44.1.6. agxRender::RenderProxy¶
Each subclass (primitive type) of RenderProxy need to be implemented for the specific render engine. The virtual methods that can/should be implemented are:
44.1.6.1. onChange¶
This method need to be implemented (pure virtual method) in your representation of a RenderProxy. It will receive calls from each of the set methods described below. Whenever a proxy is required to change color, shape, alpha or transform, this method will be called. Based on the event-type described in the enum agxRender::RenderProxy::EventType, you should update your rendering representation with the new current value. For the OpenSceneGraph implementation a code snipped looks like the following:
void onChange( RenderProxy::EventType type) {
switch( type ){
case (RenderProxy::ENABLE):
setEnableOSG(getEnable());
break;
case (RenderProxy::ALPHA):
setAlphaOSG(getAlpha());
break;
case (RenderProxy::TRANSFORM):
setTransformOSG(getTransform());
break;
...
So based on the event type different calls are done to the rendering API to reflect the changes into the rendering implementation.
44.1.6.2. updateShape¶
This method need to be implemented (pure virtual method) need to be implemented in your representation of a RenderProxy. It is specific for each shape. When this method is called (probably from your specific implementation of onChange(SHAPE)) the render proxy implementation need to update the rendering representation to reflect changes, such as changing radius for a sphere, change the triangle mesh structure or changing the size of a box.

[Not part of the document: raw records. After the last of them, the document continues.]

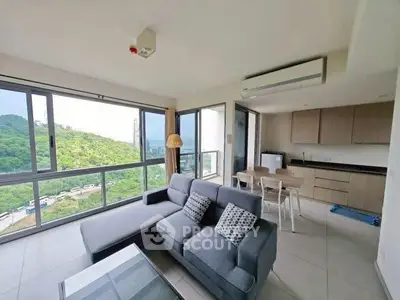 Spacious living room with stunning view and modern kitchen in open layout apartment.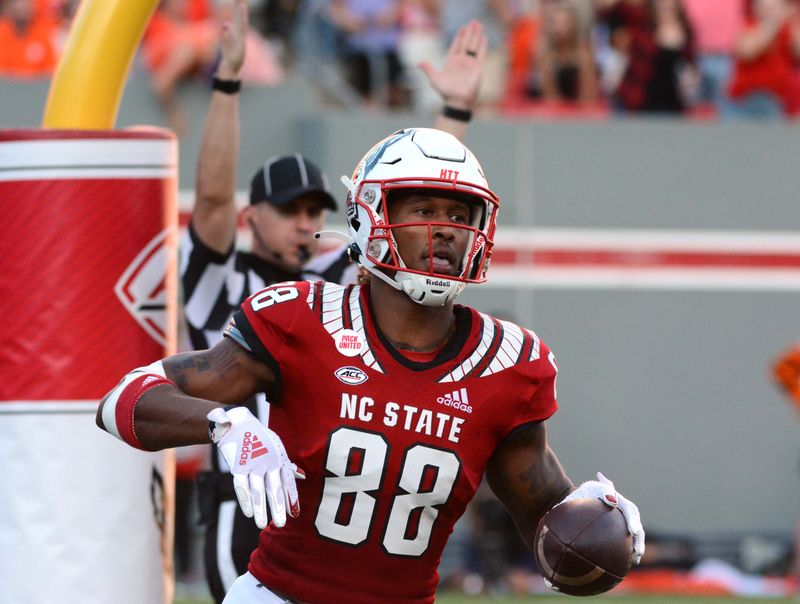 Clash at Bagwell Field: North Carolina State Wolfpack vs East Carolina Pirates in Football Showd...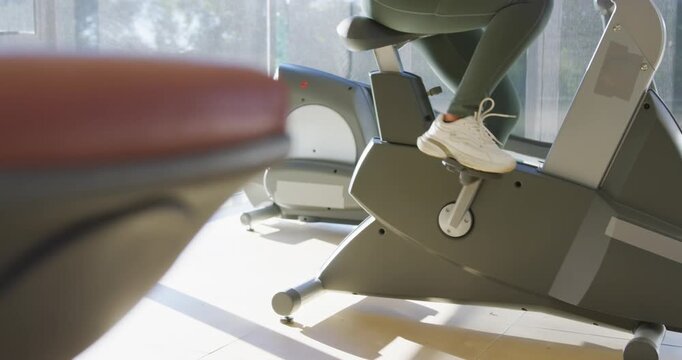 African American woman starting workout, pedaling on exercise bike at gym wearing green leggings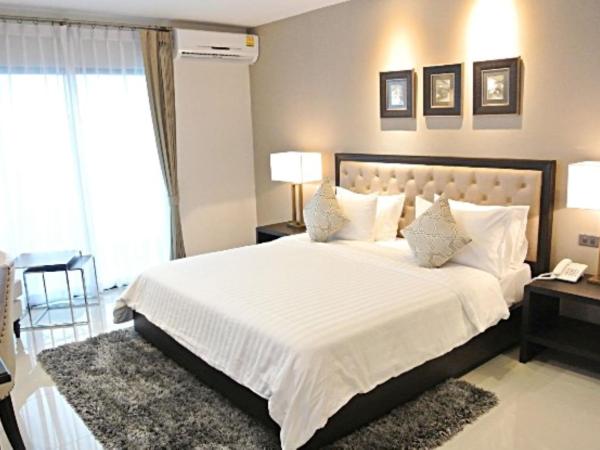 SN Plus Hotel - SHA Plus : photo 1 de la chambre chambre lit king-size avec balcon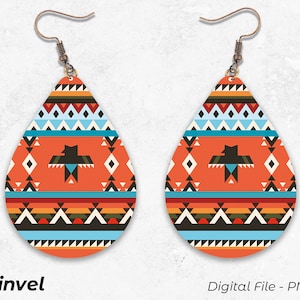 May include: A pair of teardrop-shaped earrings with a geometric pattern in shades of orange, red, blue, black, and white. The earrings feature a stylized bird design in the center.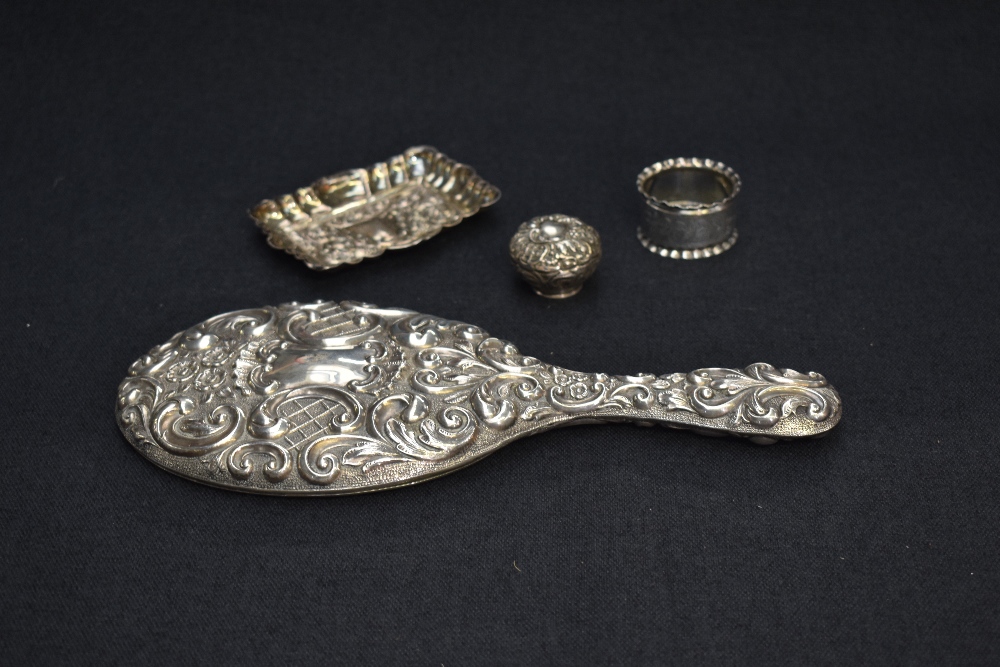 A late Victorian silver pin dish, of rectangular form with shaped outline and fluted booge, the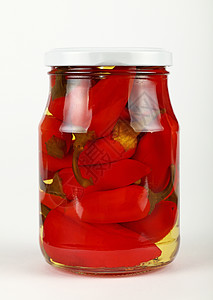 Jar 在白色的烂醉如泥的红辣椒红色食物玻璃养护辣椒蔬菜胡椒粉图片
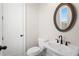 Small bathroom with pedestal sink, toilet, and oval mirror at 89 Batten Board Way, Woodstock, GA 30189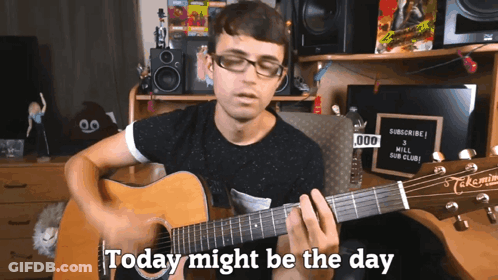 A Man Playing A Guitar With The Words " Today Might Be The Day " Behind Him GIF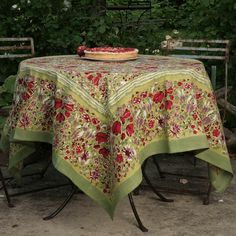 a table with a cloth on it in the middle of some bushes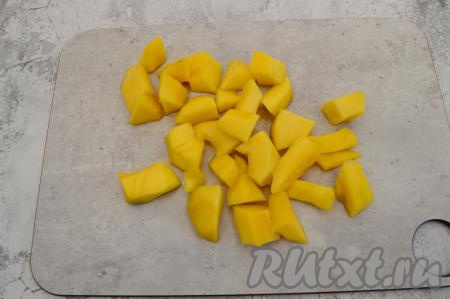 Затем разрезать пополам манго, вытащить косточку ложкой и очистить фрукт ножом от кожуры. Нарезать манго на крупные кубики.
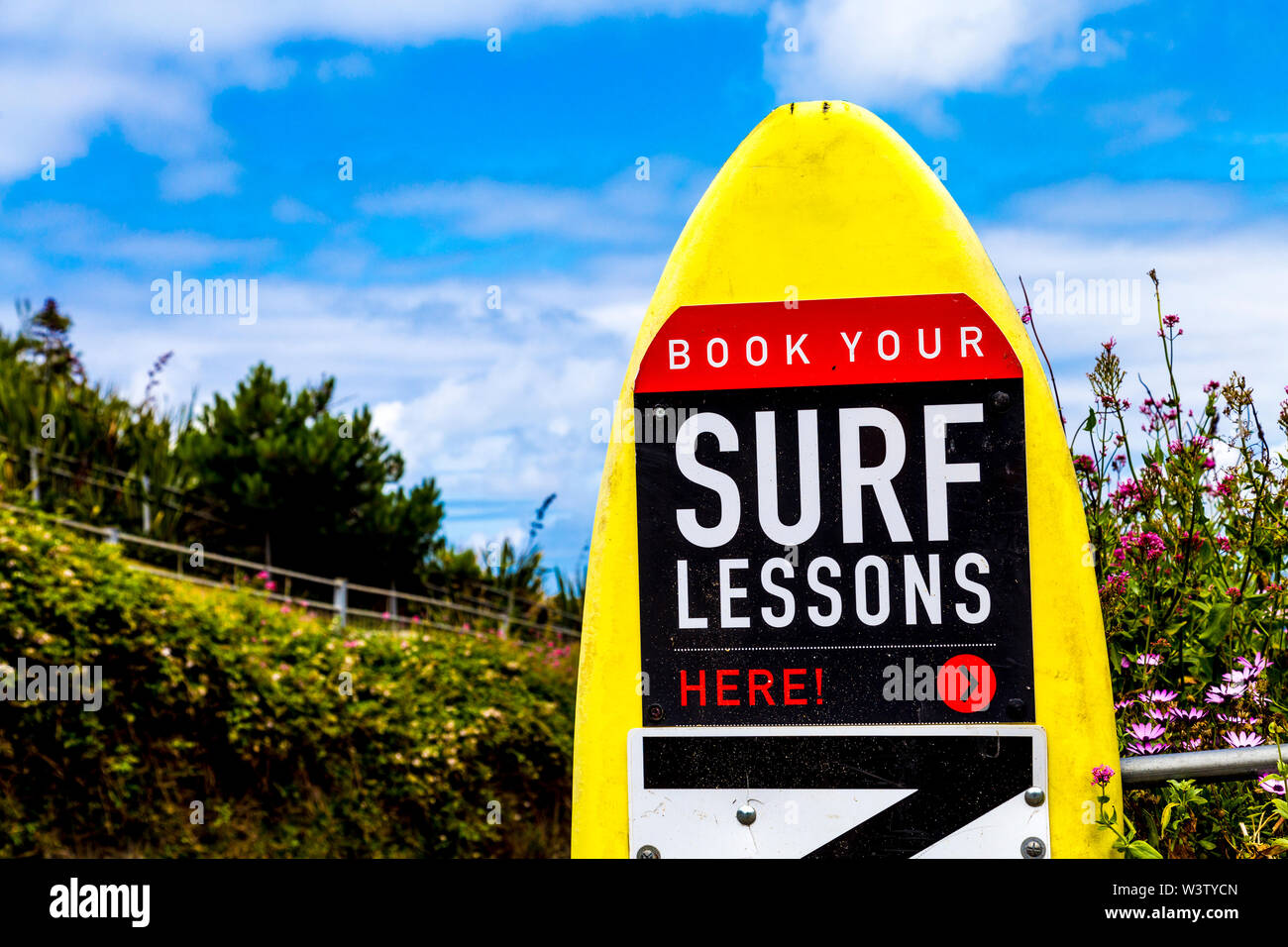 Zeichen für Surfkurse auf einem Surfbrett in Newquay, Cornwall, Großbritannien Stockfoto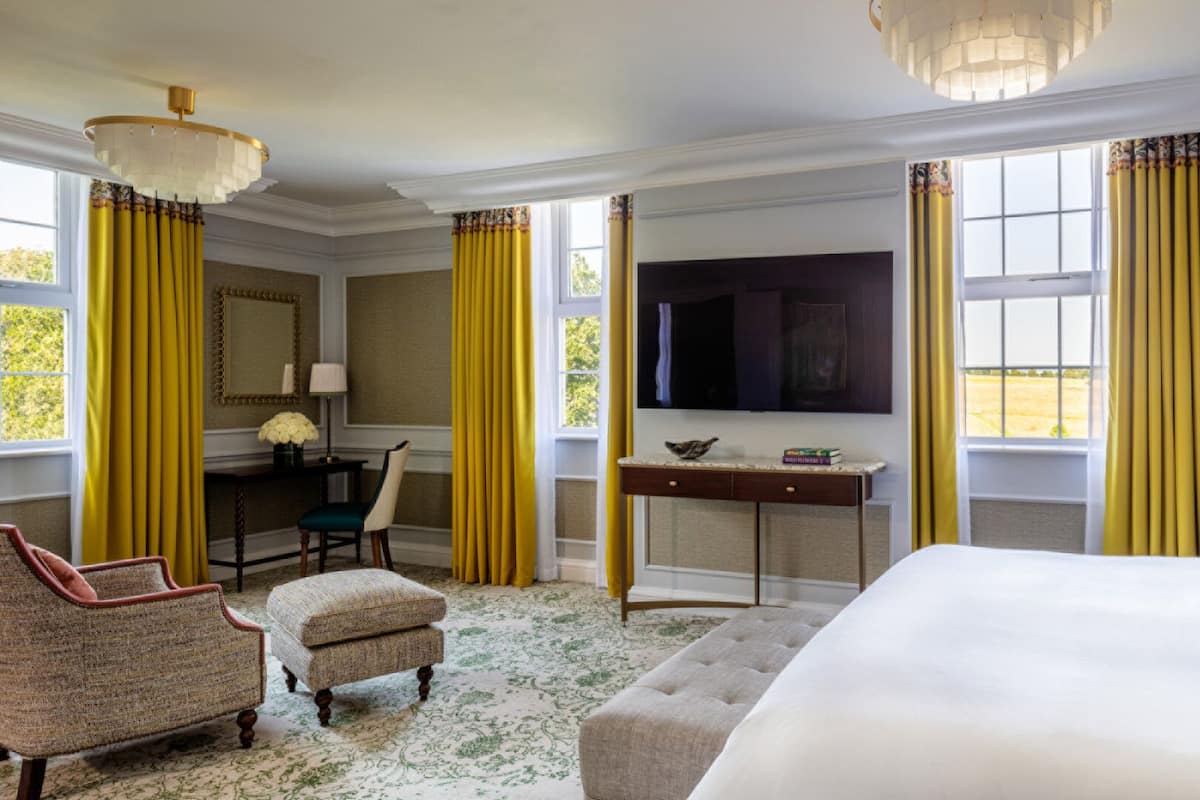 A hotel room with a large bed, a desk with a television, a chair, and a sofa.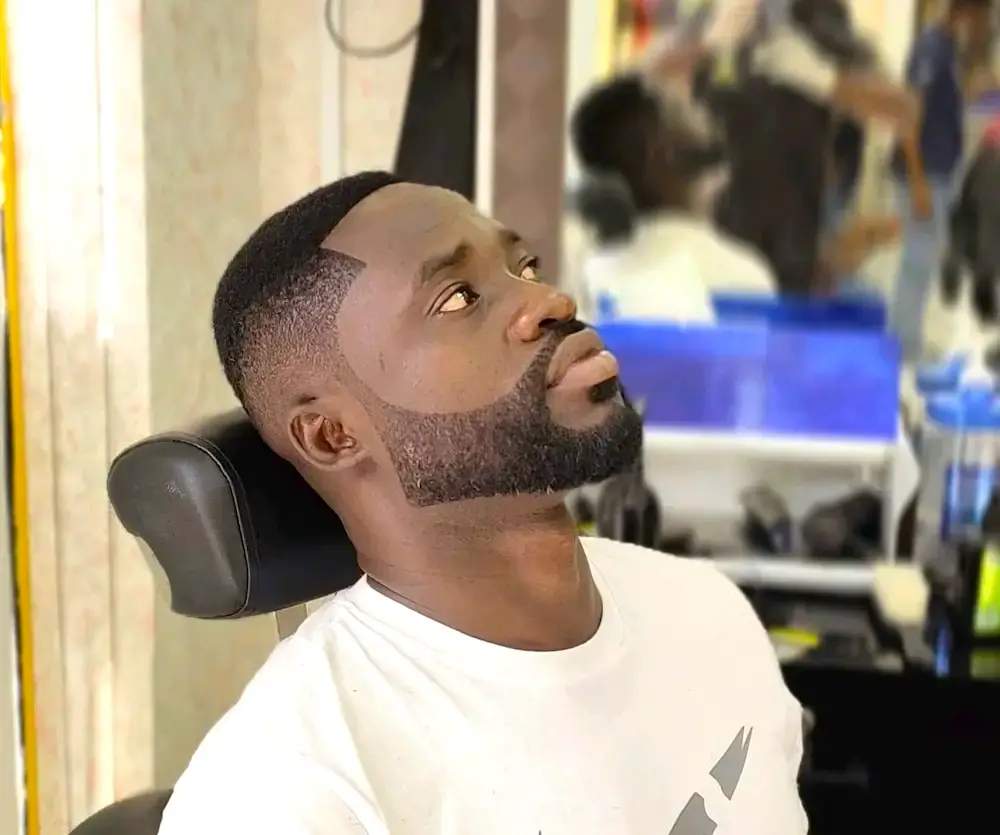 clean fade haircut with beard styling at Kings Afro Barbershop in JVC Dubai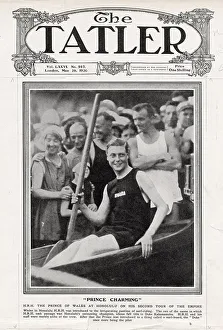 A photograph of the Prince of Wales at Honolulu, Hawaii, on his second tour of the empire. The Prince is sat in a Hawaiian canoe whilst being taught surf-riding by Duke Kahanamoku. Date: 26th May 1920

A code snippet from the OpenSceneGraph representation illustrate how it can be done:
void SphereProxy::updateShape( )
{
// Get the agx representation of the shape associated to this proxy
const agxCollide::Sphere *sphere = getCastShape();
if (sphere) // If there IS a shape associated, then read the radius from that
m_radius = sphere->getRadius();
// If radius is the same, then just dont do anything
if (agx::_equivalent((float)m_radius, m_data.shape->getRadius()))
return;
// Change the radius of the osg-sphere
m_data.shape->setRadius(m_radius);
m_data.geode->getDrawable(0)->dirtyDisplayList();
}
44.1.6.3. setTransform¶
virtual void RenderProxy::setTransform( const agx::AffineMatrix4x4& transform );
This method will set the m_transform member of the RenderProxy, then it will call onChange( TRANSFORM ) which indicates that the transform is changed. If m_transform == transform, no call to onChange will occur (to avoid unnecessary state changes. If you override this method, store transformation in m_transform and call onChange(TRANSFORM).
44.1.6.4. setColor¶
Store a color in m_color and call onChange(COLOR). If color == m_color, no call to onChange will occur to reduce state changes. If you override this method, update m_color and call onChange(COLOR).
44.1.6.5. getColor¶
This method return the color of the proxy, the value in m_color. You can override this method to return the color as stored somewhere else, just make sure you sync with the m_color member attribute.
44.1.6.6. setAlpha¶
Set the transparency value of the proxy. The implementation will store alpha in m_alpha and call onChange(ALPHA). If you override this implementation, you need to update m_alpha, and call onChange(ALPHA).
44.1.6.7. getAlpha¶
Return the value of the m_alpha member attribute. If you override setAlpha you might want to also override this method.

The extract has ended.